** Exercise **
Only lines containing the string "Necklace" belong in the answer; find them in the records and copy them.

Records from a dataset:

......

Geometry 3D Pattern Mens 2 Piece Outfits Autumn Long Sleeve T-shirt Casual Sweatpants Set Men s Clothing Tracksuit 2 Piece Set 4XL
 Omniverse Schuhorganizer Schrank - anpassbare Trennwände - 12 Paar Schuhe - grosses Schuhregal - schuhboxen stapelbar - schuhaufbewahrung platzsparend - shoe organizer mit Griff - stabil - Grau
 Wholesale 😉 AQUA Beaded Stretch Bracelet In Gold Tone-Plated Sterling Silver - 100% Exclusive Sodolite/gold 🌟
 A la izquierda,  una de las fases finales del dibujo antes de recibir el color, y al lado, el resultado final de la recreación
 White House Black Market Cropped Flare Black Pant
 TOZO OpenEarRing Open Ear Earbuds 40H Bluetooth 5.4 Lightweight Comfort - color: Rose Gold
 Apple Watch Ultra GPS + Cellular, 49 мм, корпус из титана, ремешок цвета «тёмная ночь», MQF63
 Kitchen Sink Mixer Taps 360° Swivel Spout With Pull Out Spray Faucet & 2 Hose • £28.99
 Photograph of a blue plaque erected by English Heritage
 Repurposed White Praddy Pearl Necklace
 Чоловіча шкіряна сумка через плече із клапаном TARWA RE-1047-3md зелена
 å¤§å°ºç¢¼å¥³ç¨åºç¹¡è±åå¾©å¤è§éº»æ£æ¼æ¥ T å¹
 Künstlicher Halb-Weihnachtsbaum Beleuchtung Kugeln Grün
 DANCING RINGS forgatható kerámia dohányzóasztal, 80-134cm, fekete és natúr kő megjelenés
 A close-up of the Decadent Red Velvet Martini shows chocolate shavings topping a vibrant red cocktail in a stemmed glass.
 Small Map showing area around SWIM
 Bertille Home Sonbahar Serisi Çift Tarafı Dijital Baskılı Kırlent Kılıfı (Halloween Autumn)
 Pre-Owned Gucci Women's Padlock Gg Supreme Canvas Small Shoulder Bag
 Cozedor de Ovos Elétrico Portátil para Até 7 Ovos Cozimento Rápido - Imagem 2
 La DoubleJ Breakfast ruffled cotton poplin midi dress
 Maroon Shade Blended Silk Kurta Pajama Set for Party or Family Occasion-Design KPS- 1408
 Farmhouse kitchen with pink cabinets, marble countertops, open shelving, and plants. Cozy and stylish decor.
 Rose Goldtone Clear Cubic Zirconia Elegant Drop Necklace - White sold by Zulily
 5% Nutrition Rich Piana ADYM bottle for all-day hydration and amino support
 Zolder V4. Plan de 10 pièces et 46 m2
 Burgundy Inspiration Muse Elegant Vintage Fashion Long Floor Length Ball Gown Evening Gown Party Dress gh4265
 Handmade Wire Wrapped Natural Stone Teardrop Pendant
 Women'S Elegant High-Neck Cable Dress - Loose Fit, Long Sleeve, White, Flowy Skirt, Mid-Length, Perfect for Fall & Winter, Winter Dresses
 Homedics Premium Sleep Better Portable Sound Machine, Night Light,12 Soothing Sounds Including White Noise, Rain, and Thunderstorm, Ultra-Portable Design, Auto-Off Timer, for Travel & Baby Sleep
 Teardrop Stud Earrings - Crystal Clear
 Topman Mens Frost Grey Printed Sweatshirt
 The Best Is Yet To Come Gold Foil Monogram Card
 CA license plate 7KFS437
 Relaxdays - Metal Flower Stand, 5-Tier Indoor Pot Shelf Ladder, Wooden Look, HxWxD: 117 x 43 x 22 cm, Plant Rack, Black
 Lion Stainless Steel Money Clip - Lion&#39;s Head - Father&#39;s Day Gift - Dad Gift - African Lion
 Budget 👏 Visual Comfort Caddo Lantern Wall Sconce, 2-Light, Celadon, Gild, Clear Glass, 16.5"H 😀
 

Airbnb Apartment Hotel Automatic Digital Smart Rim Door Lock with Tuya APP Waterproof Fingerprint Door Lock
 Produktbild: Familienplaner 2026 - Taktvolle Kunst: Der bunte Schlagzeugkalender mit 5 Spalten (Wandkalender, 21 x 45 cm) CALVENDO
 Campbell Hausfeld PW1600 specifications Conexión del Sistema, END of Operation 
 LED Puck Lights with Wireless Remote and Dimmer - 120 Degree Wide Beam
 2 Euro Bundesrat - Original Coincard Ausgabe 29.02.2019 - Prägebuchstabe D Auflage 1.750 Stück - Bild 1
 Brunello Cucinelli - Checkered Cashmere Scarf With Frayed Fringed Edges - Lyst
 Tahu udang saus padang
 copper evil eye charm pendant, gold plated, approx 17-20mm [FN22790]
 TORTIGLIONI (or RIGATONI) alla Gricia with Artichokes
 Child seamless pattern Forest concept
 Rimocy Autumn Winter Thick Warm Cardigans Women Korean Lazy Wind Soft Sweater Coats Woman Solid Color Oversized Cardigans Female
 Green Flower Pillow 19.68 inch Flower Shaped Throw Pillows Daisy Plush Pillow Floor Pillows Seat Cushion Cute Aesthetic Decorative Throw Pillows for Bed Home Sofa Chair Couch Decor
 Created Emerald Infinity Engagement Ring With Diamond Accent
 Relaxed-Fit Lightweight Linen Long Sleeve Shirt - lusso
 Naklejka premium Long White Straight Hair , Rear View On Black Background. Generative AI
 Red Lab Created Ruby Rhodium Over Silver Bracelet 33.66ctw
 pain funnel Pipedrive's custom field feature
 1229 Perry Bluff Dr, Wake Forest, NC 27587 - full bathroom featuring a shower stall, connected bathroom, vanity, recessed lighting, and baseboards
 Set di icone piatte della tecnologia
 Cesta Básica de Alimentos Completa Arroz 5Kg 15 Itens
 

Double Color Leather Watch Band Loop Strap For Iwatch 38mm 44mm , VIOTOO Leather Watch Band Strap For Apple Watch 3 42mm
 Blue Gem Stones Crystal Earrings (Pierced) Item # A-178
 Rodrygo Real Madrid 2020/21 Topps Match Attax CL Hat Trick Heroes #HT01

......

** Problem solution **
 Repurposed White Praddy Pearl Necklace
 Rose Goldtone Clear Cubic Zirconia Elegant Drop Necklace - White sold by Zulily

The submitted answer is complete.